CITY OF YAKIMA, RESPONDENT,
v.
WILLIAM H. AUBREY, PETITIONER.



Appeal from Superior Court of Yakima County. Docket No: 94-1-01571-6. Date filed: 03/14/95. Judge signing: Hon. Ted Kolbaba.

Petition for Review Denied July 8, 1997,

Authored by Dennis J. Sweeney. Concurring: John A. Schultheis, Frank L. Kurtz.

The opinion of the court was delivered by: Sweeney

SWEENEY, C.J. The City of Yakima charged William H. Aubrey with driving while intoxicated in April 1989. The court ordered a deferred prosecution. After Mr. Aubrey failed to comply with the terms of the deferred prosecution program, the district court revoked the deferred prosecution in August 1992. It then convicted Mr. Aubrey of driving while intoxicated and sentenced him. He appealed. While his appeal was pending, Mr. Aubrey's sentence was stayed. He was released. He then moved to the Blackfeet Indian Reservation in Browning, Montana.

The Washington State Supreme Court denied review of Mr. Aubrey's conviction in July 1994. On September 2, 1994, the district court ordered him to appear on October 3 for sentencing. But on September 29, following Mr. Aubrey's ex parte petition to the Blackfeet Tribal Court, the tribal court ordered him not to leave the reservation. The tribal court supported subject matter jurisdiction with a Conclusion that "the issues raised by Petitioner in this case affect the political integrity, economic security, health and welfare of the Blackfeet Indian Tribe and its members . . . ."

Mr. Aubrey then asked the Yakima County District Court to continue his sentencing hearing. It refused, forfeited his bail, and issued an arrest warrant. Mr. Aubrey appealed to the Yakima County Superior Court. On February 22, 1995, the Yakima County Superior Court ruled that the issues presented by Mr. Aubrey were not final and therefore not appealable. It then threatened to dismiss Mr. Aubrey's appeal if he did not submit to the district court's jurisdiction within 30 days. Mr. Aubrey did not appear. The superior court dismissed his appeal. He then moved for discretionary review. We accepted review.

The question presented is whether the Yakima County District Court must extend full faith and credit to the Blackfeet Tribal Court's order. We conclude that the tribal court lacked subject matter jurisdiction because Mr. Aubrey's ex parte petition did not present a case in controversy.

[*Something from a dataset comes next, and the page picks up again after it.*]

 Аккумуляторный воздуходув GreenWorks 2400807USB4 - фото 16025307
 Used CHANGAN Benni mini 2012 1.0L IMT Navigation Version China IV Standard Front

The district court therefore properly refused to extend full faith and credit to the tribal court's order. The decisions of the district court and the superior court are therefore affirmed.

Discussion

Appealable Final Decision. Preliminarily, we address Mr. Aubrey's assignment of error to the trial court's Conclusion that the decisions of the district court were not final and therefore not appealable. RALJ 2.2(a) allows a party to appeal from a "final decision" of a court of limited jurisdiction. Whether the district court's refusal to continue the hearing on the imposition of sentence, forfeiture of bail, and issuance of a warrant amounts to a "final decision" depends on whether it affects a "substantial right." See RAP 2.2(a)(13).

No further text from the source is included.